Faux News mentioned how fragile nerves reacted to firecrackers, but they didn't mention who set off the firecrackers or why.

Here on PF, we report, you decide:

Far-right demonstrators in Paris storm candlelit vigil being held for victims | Daily Mail Online


----------



## Slippy (Nov 14, 2013)

Its about time people in Europe called for the expulsion of islamists.


----------



## Denton (Sep 18, 2012)

Slippy said:


> Its about time people in Europe called for the expulsion of islamists.


I agree, as so should we.

What do they do with their second, third and fourth generation Muslims in France? Remember, France has a very large Muslim population living in government housing and on the government dime.


----------



## Slippy (Nov 14, 2013)

Denton said:


> I agree, as so should we.
> 
> What do they do with their second, third and fourth generation Muslims in France? Remember, France has a very large Muslim population living in government housing and on the government dime.


I know a guy who knows some guys...

Seriously, they need to Export them. It can be done.


----------



## Denton (Sep 18, 2012)

Slippy said:


> I know a guy who knows some guys...
> 
> Seriously, they need to Export them. It can be done.

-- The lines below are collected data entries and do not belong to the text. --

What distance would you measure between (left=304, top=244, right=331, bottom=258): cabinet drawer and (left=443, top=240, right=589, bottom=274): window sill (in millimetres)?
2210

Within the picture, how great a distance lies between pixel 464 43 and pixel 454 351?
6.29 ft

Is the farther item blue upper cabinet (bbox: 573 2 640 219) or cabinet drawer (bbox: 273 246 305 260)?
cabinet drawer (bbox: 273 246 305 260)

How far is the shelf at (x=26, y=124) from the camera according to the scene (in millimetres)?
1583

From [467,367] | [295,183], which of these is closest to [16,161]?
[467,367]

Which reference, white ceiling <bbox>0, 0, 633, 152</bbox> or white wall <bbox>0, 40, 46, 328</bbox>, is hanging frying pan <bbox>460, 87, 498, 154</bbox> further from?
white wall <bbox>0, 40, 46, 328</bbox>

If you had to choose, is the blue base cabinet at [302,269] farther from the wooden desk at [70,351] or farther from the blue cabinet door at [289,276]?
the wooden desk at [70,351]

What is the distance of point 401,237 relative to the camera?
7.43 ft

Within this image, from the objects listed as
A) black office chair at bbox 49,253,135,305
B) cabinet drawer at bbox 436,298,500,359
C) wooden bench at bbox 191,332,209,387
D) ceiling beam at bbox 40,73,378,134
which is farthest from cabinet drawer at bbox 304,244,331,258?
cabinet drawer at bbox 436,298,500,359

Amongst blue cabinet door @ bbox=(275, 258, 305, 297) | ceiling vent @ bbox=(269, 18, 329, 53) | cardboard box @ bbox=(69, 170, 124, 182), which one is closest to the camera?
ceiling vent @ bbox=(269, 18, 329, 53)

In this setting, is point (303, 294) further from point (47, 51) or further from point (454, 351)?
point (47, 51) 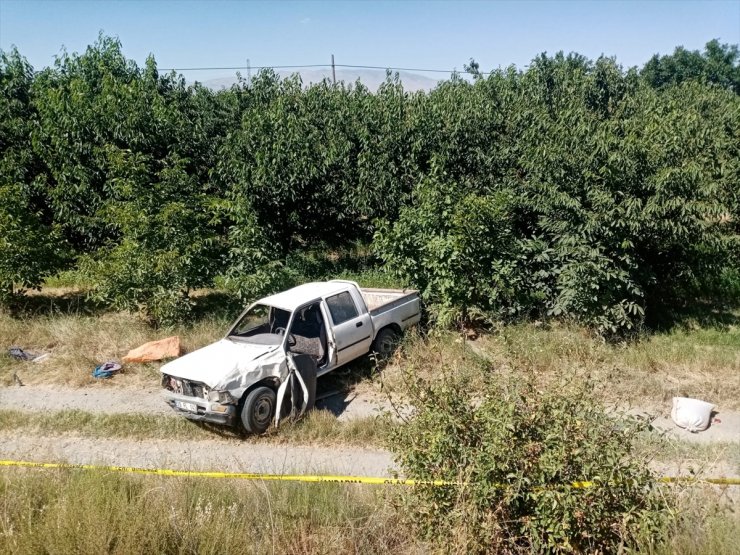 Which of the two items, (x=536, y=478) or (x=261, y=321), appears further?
(x=261, y=321)

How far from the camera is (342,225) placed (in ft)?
54.8

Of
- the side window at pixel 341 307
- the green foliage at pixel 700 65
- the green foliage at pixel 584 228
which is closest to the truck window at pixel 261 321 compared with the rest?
the side window at pixel 341 307

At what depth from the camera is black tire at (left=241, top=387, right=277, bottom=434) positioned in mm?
7816

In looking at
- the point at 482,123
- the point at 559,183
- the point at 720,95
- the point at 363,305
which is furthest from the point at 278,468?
the point at 720,95

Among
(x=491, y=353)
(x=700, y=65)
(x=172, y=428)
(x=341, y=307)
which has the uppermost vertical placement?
(x=700, y=65)

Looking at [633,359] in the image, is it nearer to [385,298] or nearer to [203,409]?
[385,298]

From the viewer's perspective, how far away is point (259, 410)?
315 inches

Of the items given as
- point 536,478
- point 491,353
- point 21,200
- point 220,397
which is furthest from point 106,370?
point 536,478

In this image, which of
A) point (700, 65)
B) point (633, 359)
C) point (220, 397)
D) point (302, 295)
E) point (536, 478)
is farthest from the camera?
point (700, 65)

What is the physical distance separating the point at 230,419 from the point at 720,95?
81.0 ft

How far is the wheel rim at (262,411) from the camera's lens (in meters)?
7.95

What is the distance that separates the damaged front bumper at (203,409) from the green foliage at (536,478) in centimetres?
369

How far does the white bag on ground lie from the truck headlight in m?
6.25

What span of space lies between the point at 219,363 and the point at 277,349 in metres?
0.82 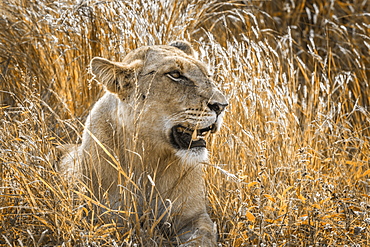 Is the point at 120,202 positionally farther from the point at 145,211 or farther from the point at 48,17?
the point at 48,17

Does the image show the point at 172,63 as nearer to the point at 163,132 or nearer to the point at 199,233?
the point at 163,132

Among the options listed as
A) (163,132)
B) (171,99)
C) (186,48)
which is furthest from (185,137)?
(186,48)

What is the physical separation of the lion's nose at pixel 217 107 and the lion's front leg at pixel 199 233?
0.68 m

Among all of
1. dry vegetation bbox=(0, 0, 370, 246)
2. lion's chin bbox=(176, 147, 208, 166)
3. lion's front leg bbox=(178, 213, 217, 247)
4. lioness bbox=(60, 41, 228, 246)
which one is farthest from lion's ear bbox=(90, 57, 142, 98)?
lion's front leg bbox=(178, 213, 217, 247)

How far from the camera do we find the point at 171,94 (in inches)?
152

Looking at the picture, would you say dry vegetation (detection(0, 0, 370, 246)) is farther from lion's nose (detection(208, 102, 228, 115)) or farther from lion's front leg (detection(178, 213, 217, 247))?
lion's nose (detection(208, 102, 228, 115))

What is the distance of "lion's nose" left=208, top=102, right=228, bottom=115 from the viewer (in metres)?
3.71

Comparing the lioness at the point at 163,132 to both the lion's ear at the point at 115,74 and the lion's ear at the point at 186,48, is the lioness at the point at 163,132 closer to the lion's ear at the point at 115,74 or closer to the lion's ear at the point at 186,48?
the lion's ear at the point at 115,74

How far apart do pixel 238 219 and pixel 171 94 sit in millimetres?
934

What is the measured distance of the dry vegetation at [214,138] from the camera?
11.1ft

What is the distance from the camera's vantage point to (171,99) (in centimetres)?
386

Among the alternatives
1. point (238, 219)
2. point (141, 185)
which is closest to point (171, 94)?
point (141, 185)

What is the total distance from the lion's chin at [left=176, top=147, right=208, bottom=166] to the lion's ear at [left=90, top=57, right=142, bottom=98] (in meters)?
0.56

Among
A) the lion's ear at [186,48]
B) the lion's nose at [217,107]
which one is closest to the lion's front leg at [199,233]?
the lion's nose at [217,107] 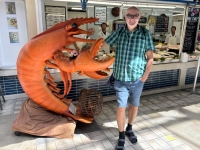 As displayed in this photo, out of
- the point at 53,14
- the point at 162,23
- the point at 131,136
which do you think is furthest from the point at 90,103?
the point at 162,23

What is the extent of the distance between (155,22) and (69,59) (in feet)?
18.7

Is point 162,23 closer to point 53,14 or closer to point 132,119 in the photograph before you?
point 53,14

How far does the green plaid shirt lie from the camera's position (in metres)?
2.29

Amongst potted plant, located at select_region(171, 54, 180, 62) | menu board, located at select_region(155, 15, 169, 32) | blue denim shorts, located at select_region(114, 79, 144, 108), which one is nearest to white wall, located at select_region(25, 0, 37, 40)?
blue denim shorts, located at select_region(114, 79, 144, 108)

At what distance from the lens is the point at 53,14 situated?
12.9 feet

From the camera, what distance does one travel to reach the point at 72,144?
2.59 m

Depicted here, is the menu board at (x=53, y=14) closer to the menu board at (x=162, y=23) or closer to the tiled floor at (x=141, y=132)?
the tiled floor at (x=141, y=132)

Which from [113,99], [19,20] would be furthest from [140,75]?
[19,20]

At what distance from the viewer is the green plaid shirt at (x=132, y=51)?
2.29 metres

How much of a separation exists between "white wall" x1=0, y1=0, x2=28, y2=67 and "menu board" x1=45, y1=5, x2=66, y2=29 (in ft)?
1.53

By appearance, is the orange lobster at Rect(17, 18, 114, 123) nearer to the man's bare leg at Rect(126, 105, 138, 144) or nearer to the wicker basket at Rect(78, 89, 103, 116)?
the wicker basket at Rect(78, 89, 103, 116)

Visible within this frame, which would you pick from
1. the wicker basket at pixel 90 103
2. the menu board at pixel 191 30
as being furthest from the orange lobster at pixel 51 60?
the menu board at pixel 191 30

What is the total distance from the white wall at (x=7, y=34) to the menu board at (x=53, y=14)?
0.47 meters

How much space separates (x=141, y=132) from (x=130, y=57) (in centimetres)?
135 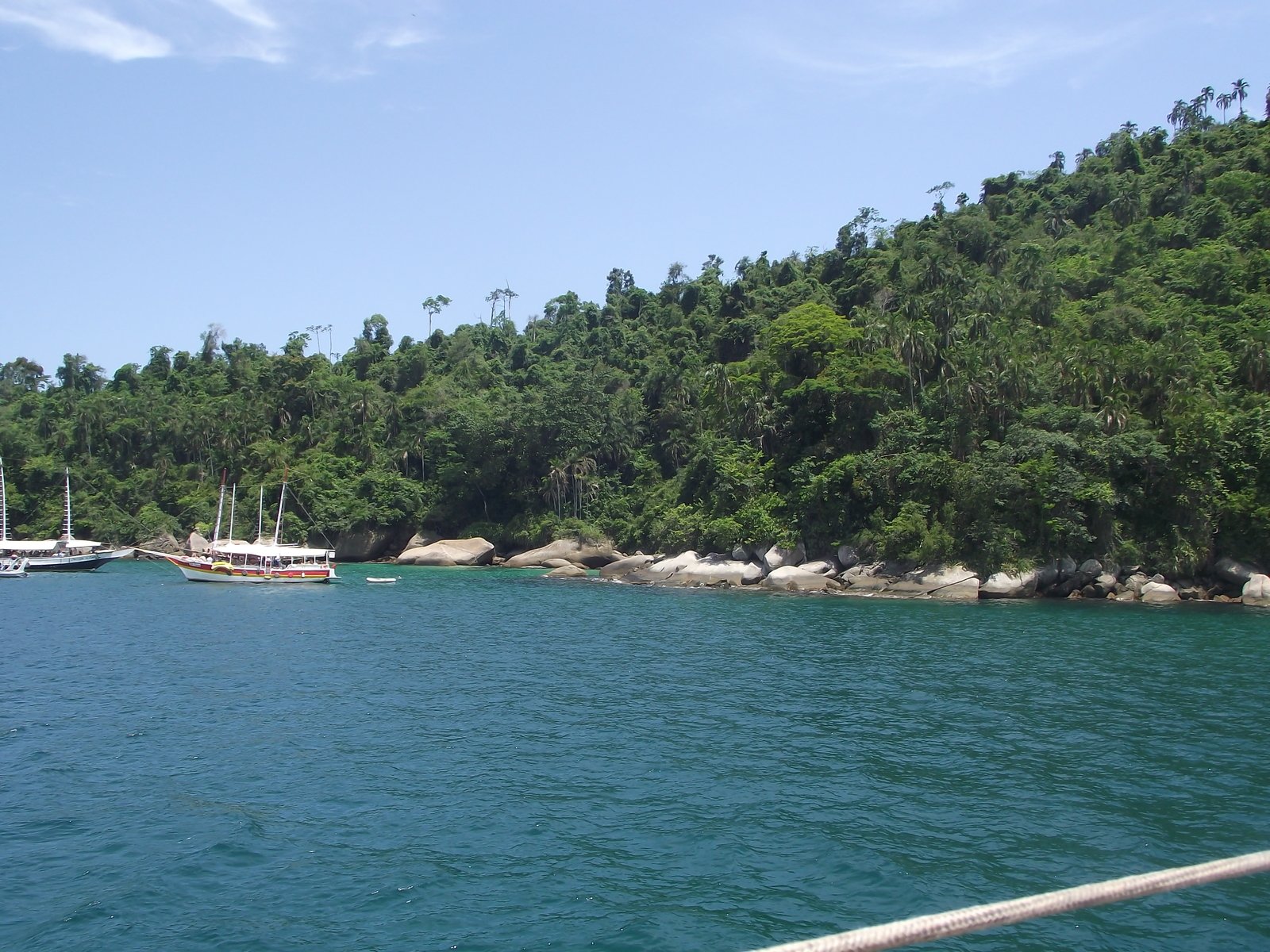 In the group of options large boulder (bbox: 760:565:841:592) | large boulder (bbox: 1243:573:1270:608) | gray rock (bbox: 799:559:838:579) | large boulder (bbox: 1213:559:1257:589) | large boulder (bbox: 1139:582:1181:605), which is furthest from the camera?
gray rock (bbox: 799:559:838:579)

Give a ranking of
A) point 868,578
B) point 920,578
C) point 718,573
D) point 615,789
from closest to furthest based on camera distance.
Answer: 1. point 615,789
2. point 920,578
3. point 868,578
4. point 718,573

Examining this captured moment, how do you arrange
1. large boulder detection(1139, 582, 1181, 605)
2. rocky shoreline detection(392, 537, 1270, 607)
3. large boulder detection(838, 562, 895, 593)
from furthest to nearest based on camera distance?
1. large boulder detection(838, 562, 895, 593)
2. rocky shoreline detection(392, 537, 1270, 607)
3. large boulder detection(1139, 582, 1181, 605)

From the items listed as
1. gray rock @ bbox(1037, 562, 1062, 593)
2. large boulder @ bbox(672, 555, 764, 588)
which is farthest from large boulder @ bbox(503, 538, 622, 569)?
gray rock @ bbox(1037, 562, 1062, 593)

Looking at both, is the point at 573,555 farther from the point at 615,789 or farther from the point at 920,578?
the point at 615,789

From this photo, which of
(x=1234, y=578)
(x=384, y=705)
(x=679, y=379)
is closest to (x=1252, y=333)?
(x=1234, y=578)

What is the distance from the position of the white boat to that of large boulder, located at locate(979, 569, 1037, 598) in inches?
2635

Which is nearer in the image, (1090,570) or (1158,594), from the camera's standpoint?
(1158,594)

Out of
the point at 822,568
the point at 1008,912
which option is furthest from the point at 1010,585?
the point at 1008,912

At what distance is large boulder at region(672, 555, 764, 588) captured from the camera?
60.4 m

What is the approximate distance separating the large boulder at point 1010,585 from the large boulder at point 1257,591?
9.96m

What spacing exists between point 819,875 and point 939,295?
192ft

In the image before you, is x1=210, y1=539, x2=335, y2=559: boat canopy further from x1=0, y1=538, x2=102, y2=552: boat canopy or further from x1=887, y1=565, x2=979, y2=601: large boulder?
x1=887, y1=565, x2=979, y2=601: large boulder

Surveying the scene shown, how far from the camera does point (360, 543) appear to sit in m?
87.4

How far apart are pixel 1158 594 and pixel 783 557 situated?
69.6 ft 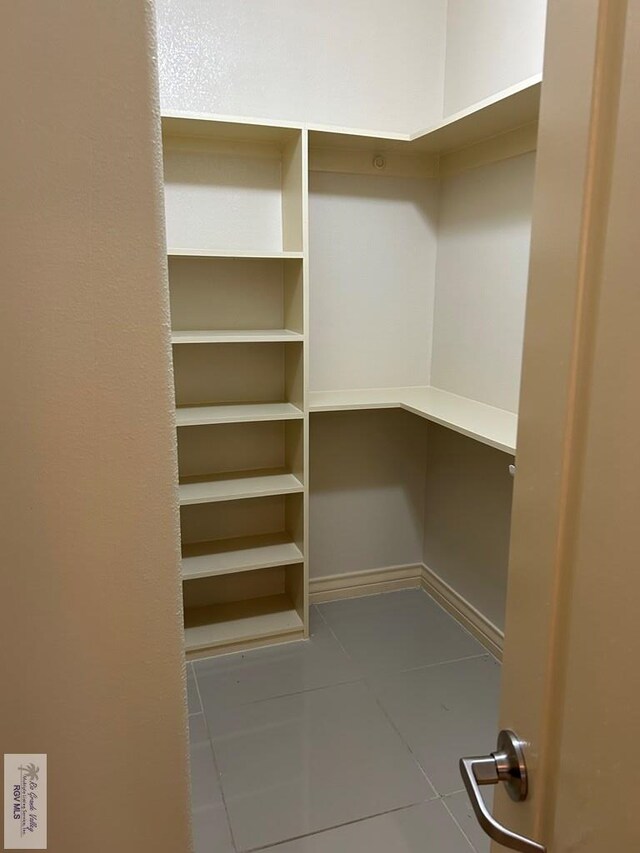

Where do you export people who were born in that country. See the problem?


----------



## sideKahr (Oct 15, 2014)

This has all happened in Europe before. Parts of Spain were conquered militarily by the muslims from the 700's to the 1400’s. The only way it was stopped was to kill them. God help us.


----------



## Seneca (Nov 16, 2012)

Kind of wonder if any of these 4th generation Muslims or any Muslims for that matter were at the candle light vigil for the victims? Haven't seen anything in the news about the Muslim community condemning the attack or pledging support for the victims.

The whole thing is disgusting to me. And to think that same situation could be just as easily playing out here.


----------



## A Watchman (Sep 14, 2015)

Denton said:


> I agree, as so should we.
> 
> What do they do with their second, third and fourth generation Muslims in France? Remember, France has a very large Muslim population living in government housing and on the government dime.


Its not gonna happen boys. Buy ammo and prepare, don't wait on your politicians, they are bought.


----------



## tango (Apr 12, 2013)

France should be bombing ISIS in France as well as bombing them in Syria!


----------



## SOCOM42 (Nov 9, 2012)

slippy said:


> i know a guy who knows some guys...
> 
> Seriously, they need to export them. It can be done.


Look to Germany, 1933 to 1945, they had shipped and let out plenty prior to 40, the problem is they then went nuts.

Destroy the musks',(my spelling)natural born, give them the choice, disavow allahole or leave.

Un-american?? So what, neither are they.


----------



## Camel923 (Aug 13, 2014)

As Socom42 put it, leave to another nation that will allow you to create your Islamic utopia or renounce Islam. Close the Mosques. Brings back ugly connotations of the holocaust but lets be clear, the end result of allowing the status quo or even stopping immigration and allowing muslims to out breed you will result in your own destruction. That is each nations choice. What do you want to be because Islam will not coexist with other religions or governments. Personally I think the French will allow the staus quo and not stop immigration, sowing the seeds of their own destruction as a culture and a people.


----------



## ekim (Dec 28, 2012)

While I agree with the idea of throwing them out it is to little to late for europe to even think about doing that that much less trying. As far as the US is concerned, it's probably to late here also, to many bleeding hearts think they have the right to come here and demand they're rights as peace loving mooslims. They only do those bad things because we give them no choice. I think the choice should be change your ways or die! Same for our politicians, change or pay the price.


----------